Material for this task Start Marker

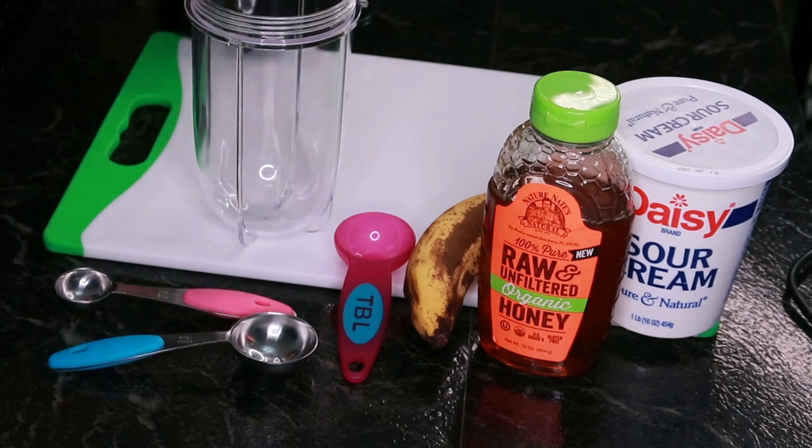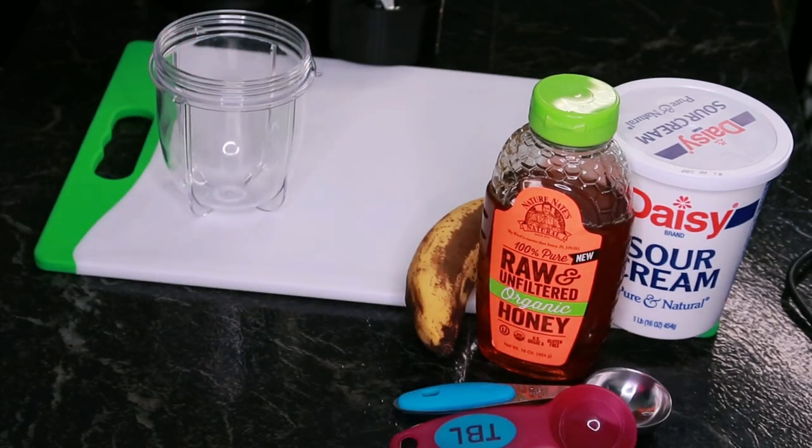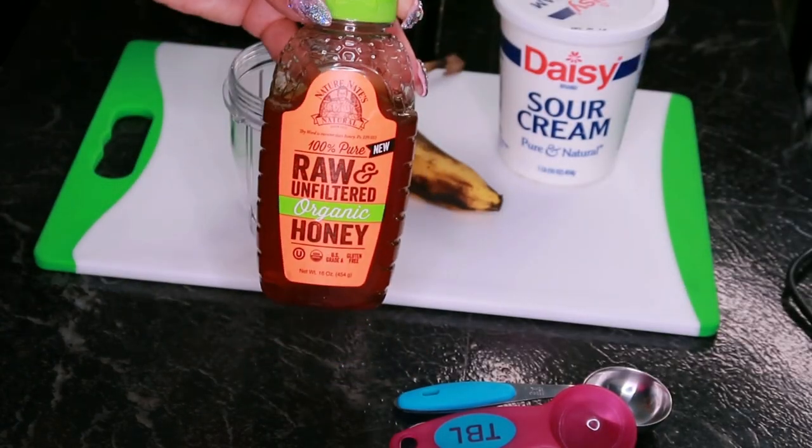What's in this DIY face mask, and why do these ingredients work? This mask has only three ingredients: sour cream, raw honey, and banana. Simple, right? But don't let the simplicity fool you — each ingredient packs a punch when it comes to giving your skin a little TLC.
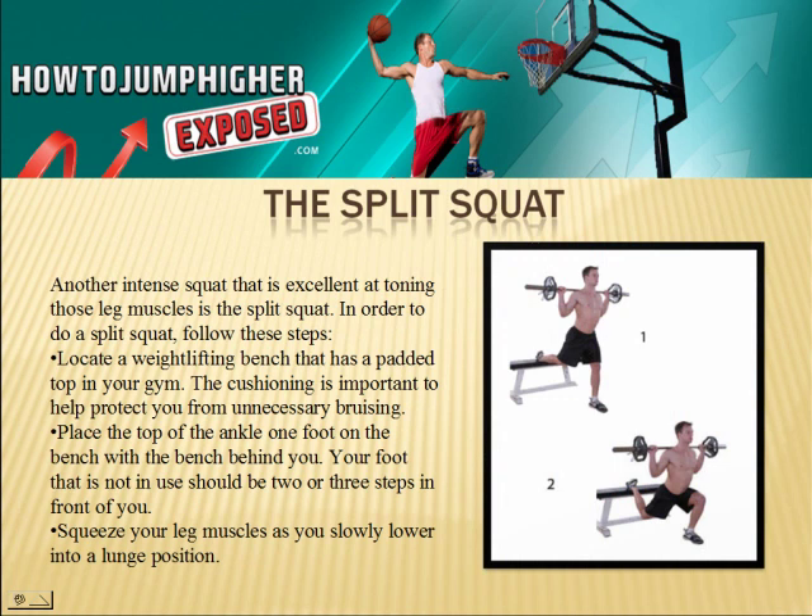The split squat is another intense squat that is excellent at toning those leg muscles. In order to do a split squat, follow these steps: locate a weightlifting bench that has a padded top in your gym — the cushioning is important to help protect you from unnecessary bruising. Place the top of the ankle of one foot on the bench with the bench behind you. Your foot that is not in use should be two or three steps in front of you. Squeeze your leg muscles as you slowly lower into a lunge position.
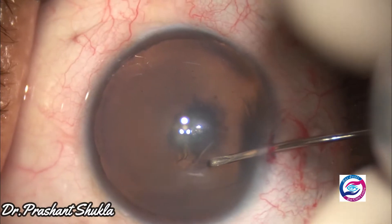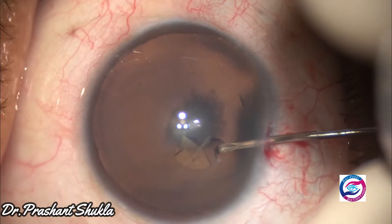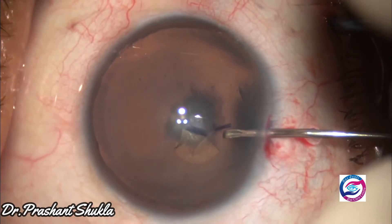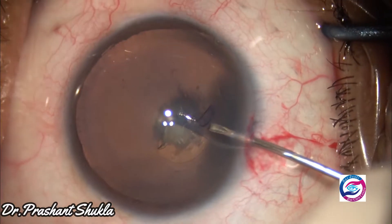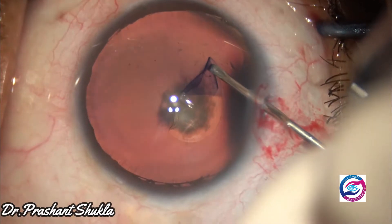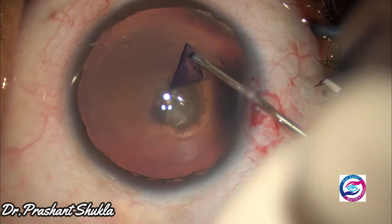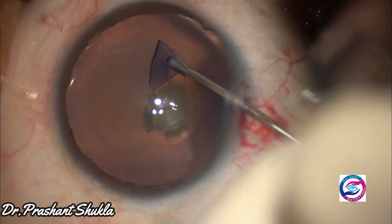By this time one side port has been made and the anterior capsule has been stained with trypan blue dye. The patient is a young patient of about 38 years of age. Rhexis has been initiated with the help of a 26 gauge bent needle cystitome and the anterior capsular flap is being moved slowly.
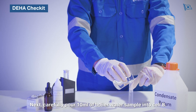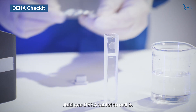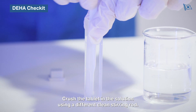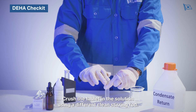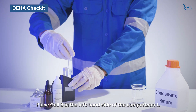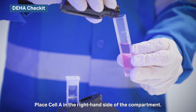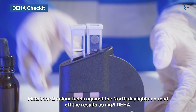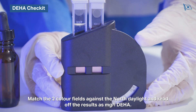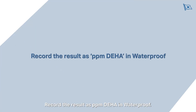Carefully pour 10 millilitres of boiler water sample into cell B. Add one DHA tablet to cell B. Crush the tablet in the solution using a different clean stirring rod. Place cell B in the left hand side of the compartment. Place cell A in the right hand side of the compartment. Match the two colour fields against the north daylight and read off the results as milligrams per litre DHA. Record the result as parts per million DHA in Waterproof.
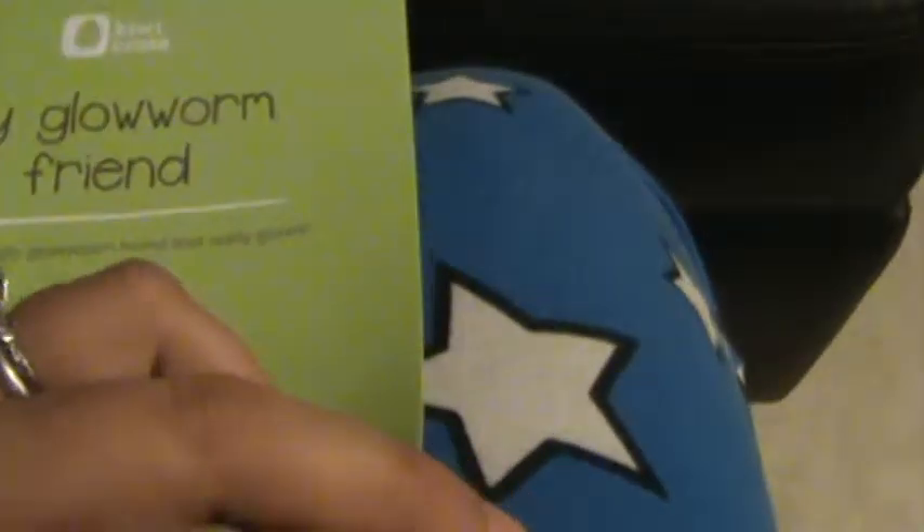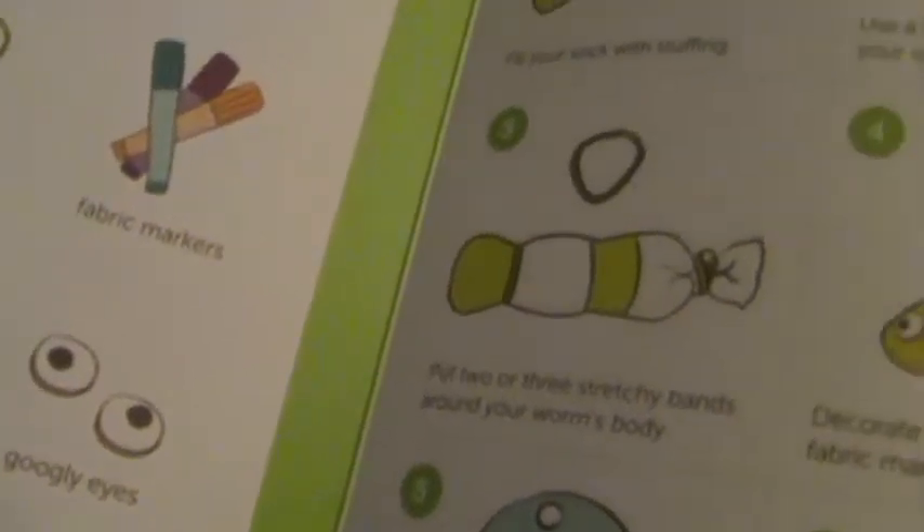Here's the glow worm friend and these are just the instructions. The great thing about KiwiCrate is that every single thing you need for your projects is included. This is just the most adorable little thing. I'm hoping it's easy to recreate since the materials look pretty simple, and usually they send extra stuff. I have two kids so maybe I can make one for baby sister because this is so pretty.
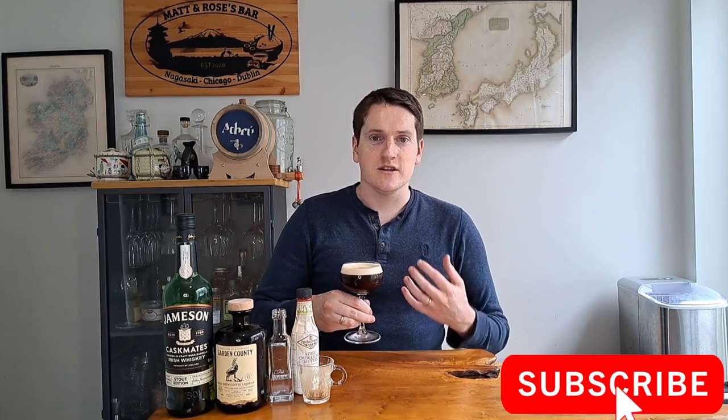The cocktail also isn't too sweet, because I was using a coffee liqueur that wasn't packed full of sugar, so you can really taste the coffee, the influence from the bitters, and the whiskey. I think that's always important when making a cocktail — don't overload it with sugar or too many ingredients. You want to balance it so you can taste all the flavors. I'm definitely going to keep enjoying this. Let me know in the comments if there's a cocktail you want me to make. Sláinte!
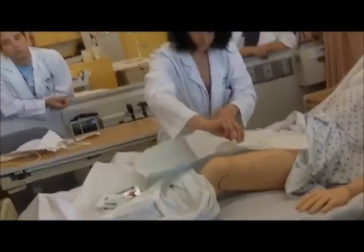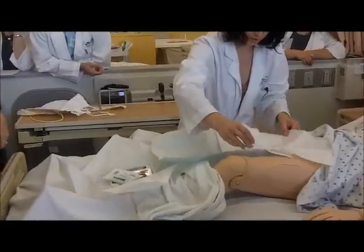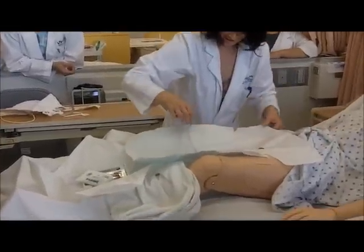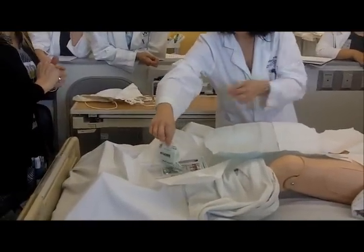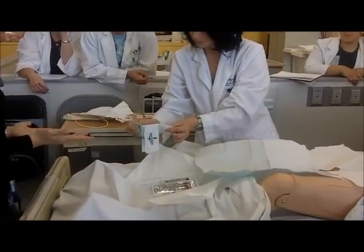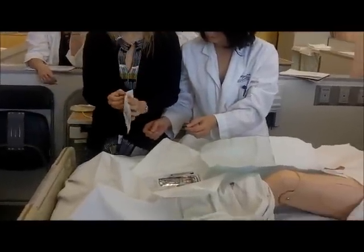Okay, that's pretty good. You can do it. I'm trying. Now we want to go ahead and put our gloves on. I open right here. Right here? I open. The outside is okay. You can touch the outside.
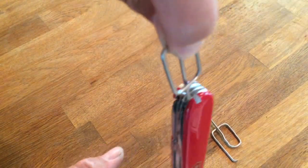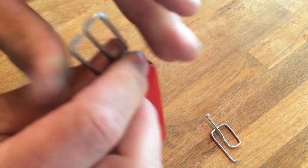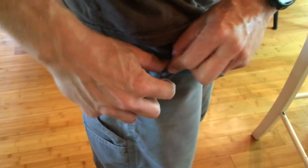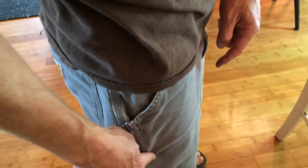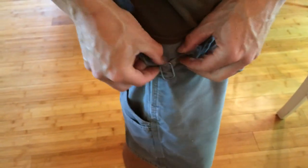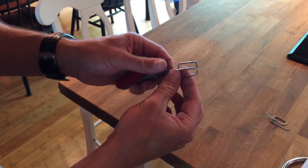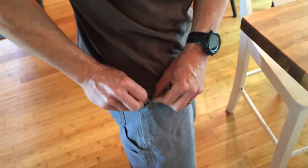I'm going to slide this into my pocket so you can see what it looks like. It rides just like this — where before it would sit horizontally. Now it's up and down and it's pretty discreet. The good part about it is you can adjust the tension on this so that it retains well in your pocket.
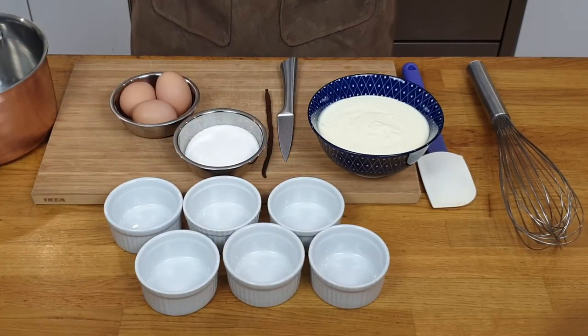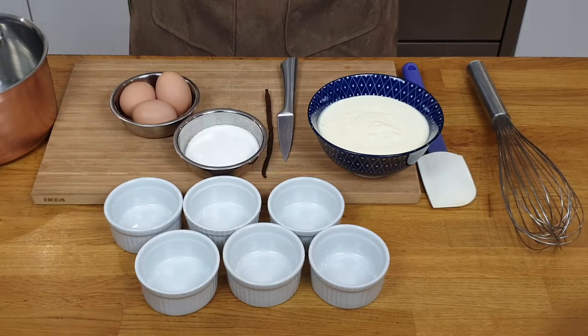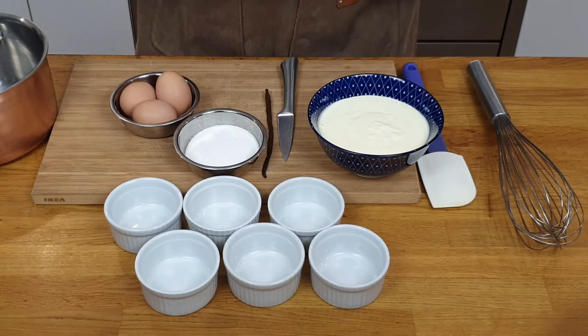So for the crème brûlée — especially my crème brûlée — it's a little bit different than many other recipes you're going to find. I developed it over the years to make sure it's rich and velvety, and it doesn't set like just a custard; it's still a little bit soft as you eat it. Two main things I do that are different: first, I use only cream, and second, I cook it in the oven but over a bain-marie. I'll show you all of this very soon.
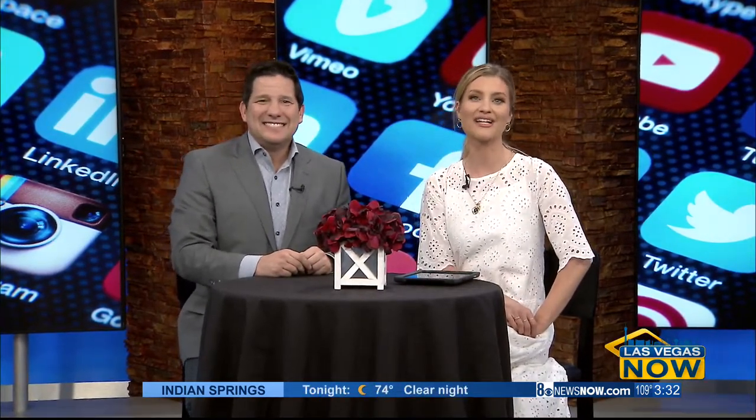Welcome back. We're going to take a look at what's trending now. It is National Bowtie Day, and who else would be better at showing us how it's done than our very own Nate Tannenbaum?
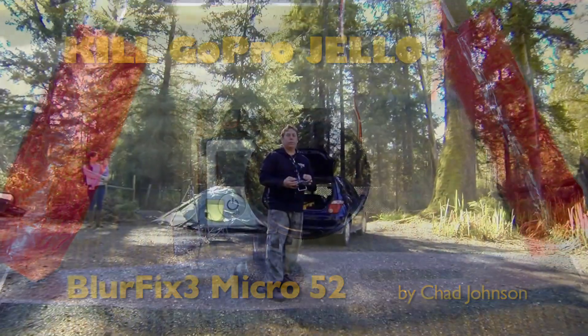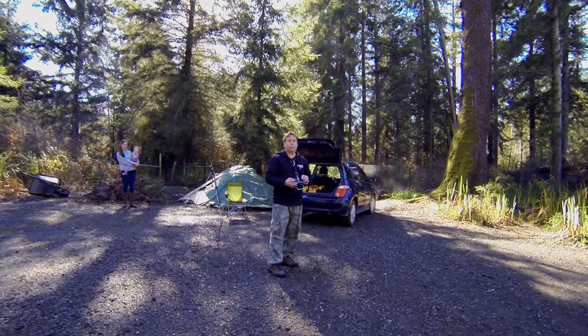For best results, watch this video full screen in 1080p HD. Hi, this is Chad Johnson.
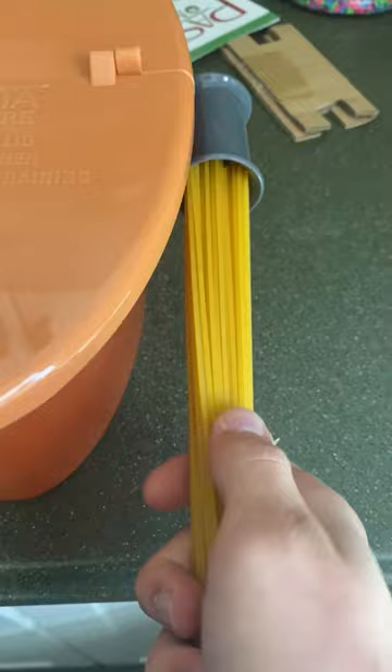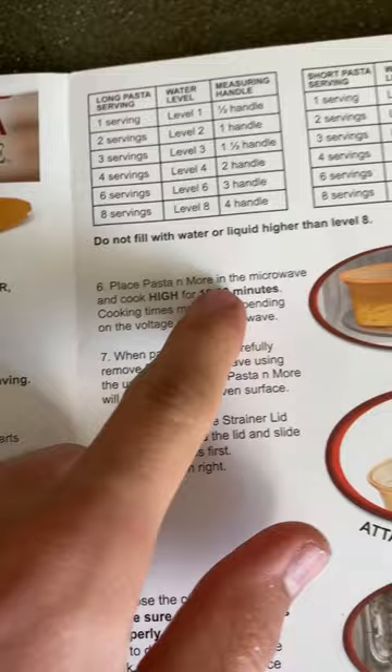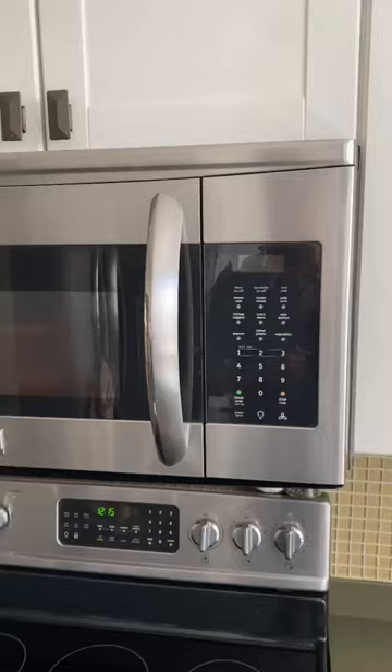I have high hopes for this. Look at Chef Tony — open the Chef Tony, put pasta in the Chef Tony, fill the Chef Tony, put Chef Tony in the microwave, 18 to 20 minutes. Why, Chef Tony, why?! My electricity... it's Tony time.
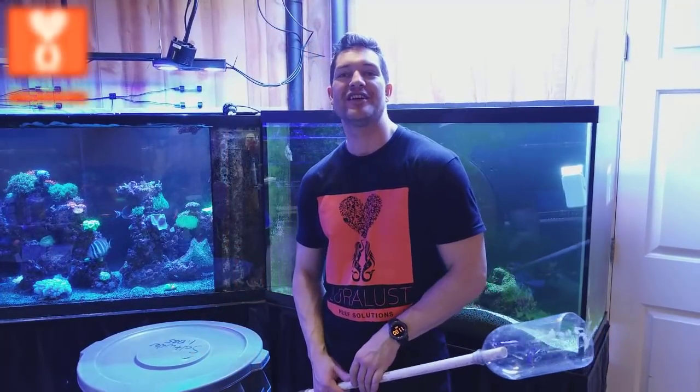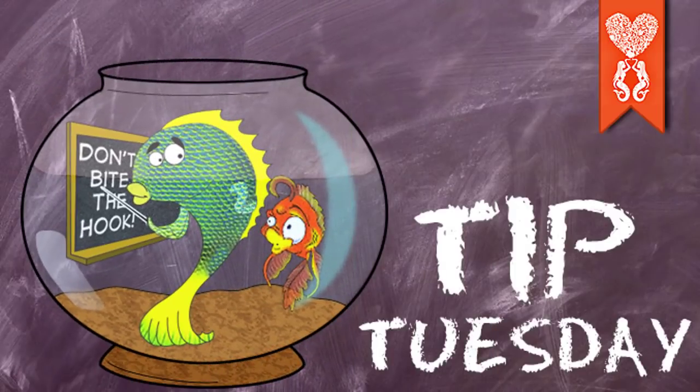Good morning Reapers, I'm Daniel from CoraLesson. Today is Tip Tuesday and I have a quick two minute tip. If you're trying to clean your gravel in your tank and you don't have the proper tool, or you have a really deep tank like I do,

Material for this task End Marker

• [Description of the task] Using the data above, set down each line from the line with "I'm going to" to the line with "For best results, watch" exactly, both ends included, and leave the pictures behind. Nothing else belongs.

• [Solution below]
I'm going to slide this into my pocket so you can see what it looks like. It rides just like this — where before it would sit horizontally. Now it's up and down and it's pretty discreet. The good part about it is you can adjust the tension on this so that it retains well in your pocket.
So for the crème brûlée — especially my crème brûlée — it's a little bit different than many other recipes you're going to find. I developed it over the years to make sure it's rich and velvety, and it doesn't set like just a custard; it's still a little bit soft as you eat it. Two main things I do that are different: first, I use only cream, and second, I cook it in the oven but over a bain-marie. I'll show you all of this very soon.
Welcome back. We're going to take a look at what's trending now. It is National Bowtie Day, and who else would be better at showing us how it's done than our very own Nate Tannenbaum?
For best results, watch this video full screen in 1080p HD. Hi, this is Chad Johnson.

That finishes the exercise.